However, they cut growth estimates for the previous quarter, leaving the year’s expansion rate unchanged, and economists predict a tough 2012.
GDP grew by 0.6 per cent from July to September, not 0.5 per cent as previously thought, as services expanded by 2.4 per cent, revised up from 2.1 per cent, and household consumption, capital investment and exports all gave the figures a lift.
The construction sector grew by 0.3 per cent in the three-month period, when it was previously thought to have contracted by 0.2 per cent, and business services and finance grew by 1.2 per cent, not one per cent.
The performance in 2010 was also better than thought, with the economy growing by 2.1 per cent, revised up from 1.8 per cent previously.

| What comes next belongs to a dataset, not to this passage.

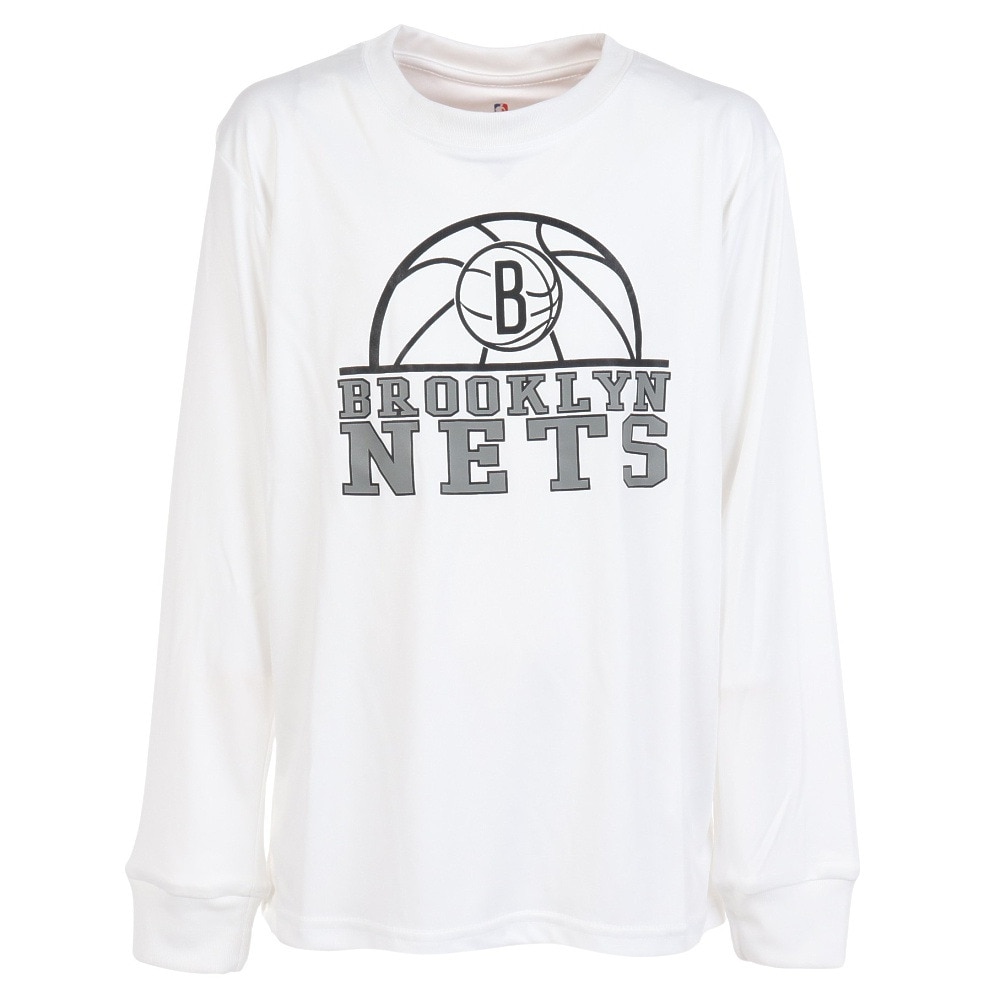 エヌビーエー（NBA）（キッズ）バスケットボールウェア 長袖Tシャツ ブルックリン・ネッツ 3AAE-NETS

However, real household incomes fell by 0.2 per cent over the year, the first annual fall since 1982.
Compared with quarter three of 2010, incomes are down one per cent.
“The third quarter data substantially overstate the underlying health of the economy,” said Howard Archer, economist at IHS Global Insight. “It was lifted by a catch-up effect from activity lost to temporary dampening factors in the second quarter, including working day lost to Royal Wedding, manufacturing supply-chain disruptions resulting from the Japanese tsunami, money spent on Olympic ticket sales but not yet counting towards growth,”
“We anticipate modest contraction in early 2012 before the economy stabilises and returns to gradual growth in the second half of 2012. This would result in GDP growth being limited to just 0.3 per cent next year.”